The House of Spirits, by Isabel Allende. I have had this book on my shelf for a few years, and decided I would read it as part of the Armchair Traveler Reading Challenge. Set in Chile, the story is of the del Valle and Trueba families, who are joined by marriage. The main character, Clara, can commune with spirits, and can predict the future. Her elder sister Rosa, was originally meant to marry Esteban Trueba, but she dies before they can be wed. Years later, Esteban marries Clara, and the book is about their life together, their children, grandchildren, and the changes that take place in the country throughout their lives.
This book was different than what I was expecting, but I loved it! The language is not just evocative, but at times mesmerizing (like Clara is to some of her friends and family!). Knowing/remembering some of the details of Allende's father's rule in Chile, it was interesting to see how she portrayed certain characters, particularly those in government positions, and the individuals who worked to make the general population aware of what was happening in the country.

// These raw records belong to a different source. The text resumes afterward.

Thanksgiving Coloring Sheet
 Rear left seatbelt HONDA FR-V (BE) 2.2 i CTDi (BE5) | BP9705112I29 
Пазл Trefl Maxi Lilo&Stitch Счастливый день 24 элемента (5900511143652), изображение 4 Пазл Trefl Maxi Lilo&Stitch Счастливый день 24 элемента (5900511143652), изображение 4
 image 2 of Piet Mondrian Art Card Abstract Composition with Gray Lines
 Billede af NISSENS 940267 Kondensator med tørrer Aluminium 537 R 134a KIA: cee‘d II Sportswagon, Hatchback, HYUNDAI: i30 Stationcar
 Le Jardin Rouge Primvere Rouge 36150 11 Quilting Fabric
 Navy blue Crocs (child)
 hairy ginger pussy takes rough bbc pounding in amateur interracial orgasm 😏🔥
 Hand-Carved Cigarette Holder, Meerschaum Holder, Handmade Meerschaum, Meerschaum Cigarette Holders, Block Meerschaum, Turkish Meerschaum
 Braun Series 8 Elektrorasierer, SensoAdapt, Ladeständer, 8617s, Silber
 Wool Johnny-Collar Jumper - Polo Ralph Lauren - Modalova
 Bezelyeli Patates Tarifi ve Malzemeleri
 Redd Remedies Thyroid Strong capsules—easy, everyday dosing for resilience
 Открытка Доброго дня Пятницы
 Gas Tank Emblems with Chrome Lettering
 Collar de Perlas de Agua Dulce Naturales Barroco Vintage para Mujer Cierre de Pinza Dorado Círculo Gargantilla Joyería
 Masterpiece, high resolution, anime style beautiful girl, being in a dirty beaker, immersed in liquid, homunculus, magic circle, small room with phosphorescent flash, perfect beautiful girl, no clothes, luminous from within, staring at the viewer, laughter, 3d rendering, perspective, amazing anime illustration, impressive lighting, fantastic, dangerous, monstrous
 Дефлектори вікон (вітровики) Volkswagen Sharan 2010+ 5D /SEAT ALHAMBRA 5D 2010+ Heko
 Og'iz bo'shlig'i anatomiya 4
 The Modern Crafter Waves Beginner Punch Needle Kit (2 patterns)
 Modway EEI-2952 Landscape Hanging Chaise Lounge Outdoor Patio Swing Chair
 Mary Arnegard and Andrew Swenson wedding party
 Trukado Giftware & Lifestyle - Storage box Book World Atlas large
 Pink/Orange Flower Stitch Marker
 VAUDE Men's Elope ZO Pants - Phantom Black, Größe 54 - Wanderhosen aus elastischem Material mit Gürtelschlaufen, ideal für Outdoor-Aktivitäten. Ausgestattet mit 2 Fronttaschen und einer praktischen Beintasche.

This particular passage struck me when I read it, and has stuck with me since finishing the book:
She did not understand the state of civil war, nor did she realize that war is the soldiers' work of art, the culmination of all their training, the gold medal of their profession. Soldiers are not made to shine in times of peace. The coup gave them the chance to put into practice what they had learned in their barracks: blind obedience, the use of arms, and other skills that soldiers can master once they silence the scruples of their hearts.
I don't know about you, but as for me - wow.
Some Danger Involved, by Will Thomas. This one was recommended to me by The Tim, who read it shortly before I did. We seldom read the same things, particularly around the same time, but he said he thought I'd like this one, and I did. The title comes from an advertisement in a London newspaper during Victorian times. Cyrus Barker, a detective ("enquiry agent") is seeking an assistant, and the ad warns that there is "some danger involved." Thomas Llewelyn, a young man down on his luck, applies for the job, and is hired. The first case he assists with involves the murder of a young Jewish man by crucifixion.
This book is a really enjoyable read. The two main characters are well-drawn, and interesting in and of themselves. The book is told from Llewelyn's standpoint, and some of his observations are not just interesting, but also pretty amusing. Victorian London is described in the daytime as an appealing, bustling place, but a dark, threatening place at night.
Thomas references actual historical figures in the story, which - to me at least - made it more interesting. He manages to keep you as interested in the secondary characters that are involved in the story as you are in the two main characters. The ending had a real twist as far as I'm concerned. (Though in the interest of full disclosure, I have to say that I'm almost always unaware of "whodunit" until they are actually exposed!)
I enjoyed this one enough that I am looking forward to reading the next one in the series.